§ TASK REQUIREMENTS:
Without copying any picture, return all lines below exactly.

(COLLECTED MATERIAL)

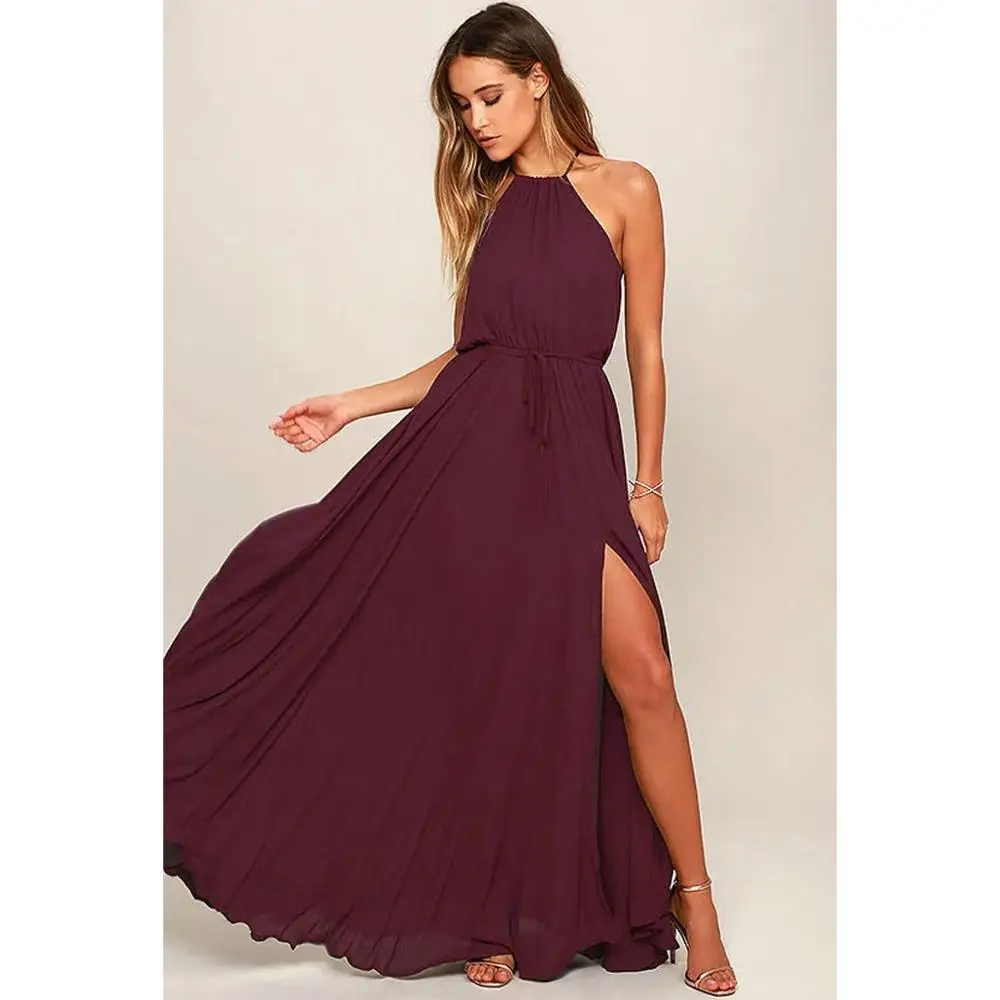 Fall Maxi Long Party Dresses For Women Halter Neck Vintage Sleeveless High Split Boho Dress Summer Sexy Beach Vestidos | Женская одежда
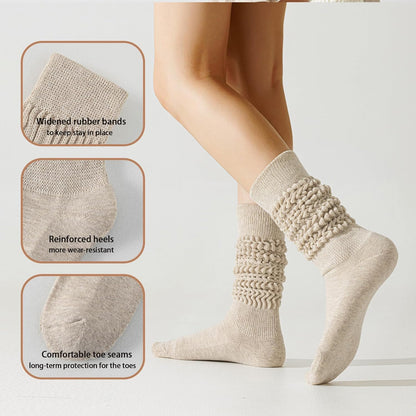 Merino Wool Slouch Socks for Women Soft Knee High Scrunch Warm Cozy Stacked Boot Socks 3 Pack V1258-DP02-F-511
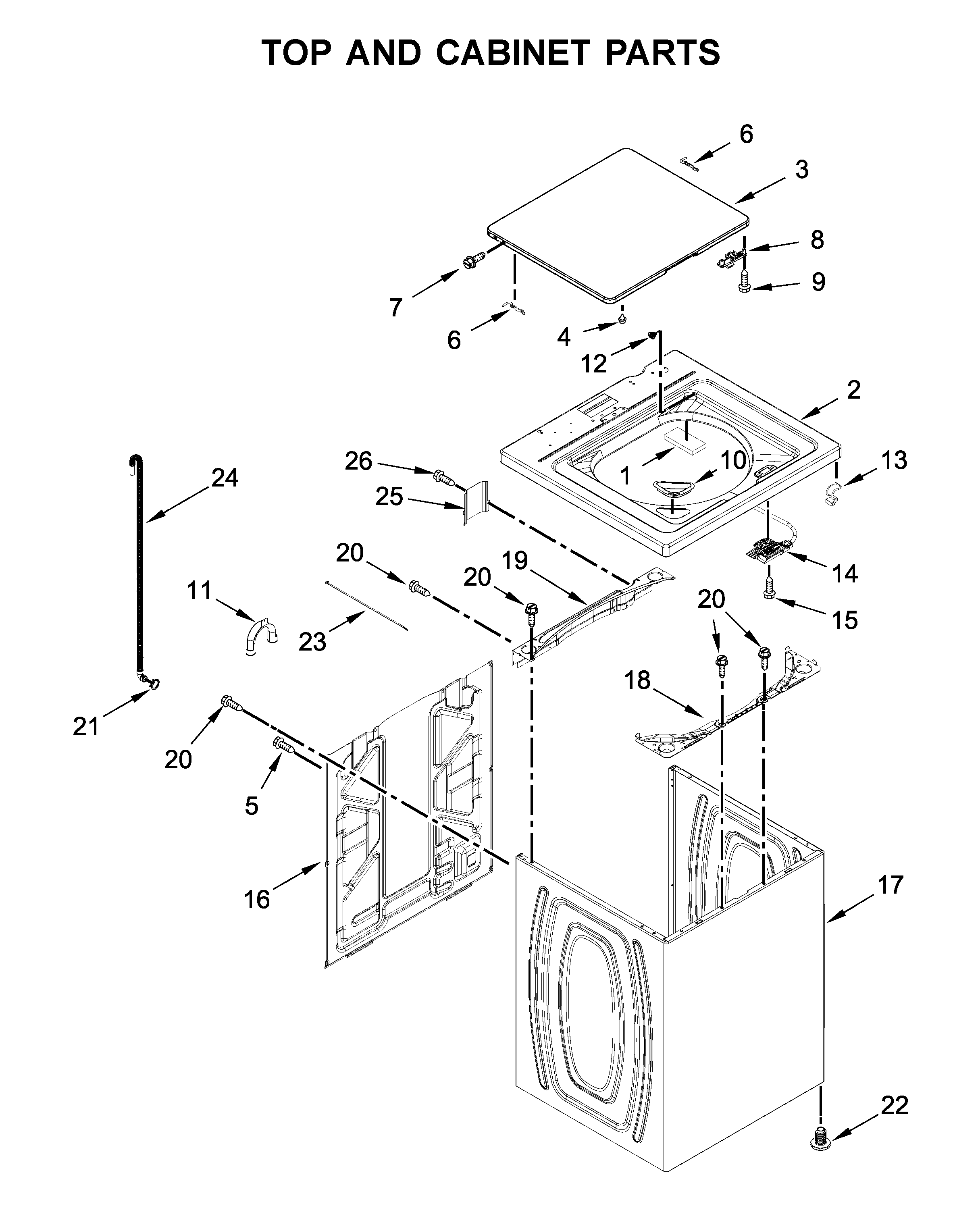 Top and cabinet parts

(End COLLECTED MATERIAL)

§ TASK ANSWER:
 Fall Maxi Long Party Dresses For Women Halter Neck Vintage Sleeveless High Split Boho Dress Summer Sexy Beach Vestidos | Женская одежда
 Merino Wool Slouch Socks for Women Soft Knee High Scrunch Warm Cozy Stacked Boot Socks 3 Pack V1258-DP02-F-511
 Top and cabinet parts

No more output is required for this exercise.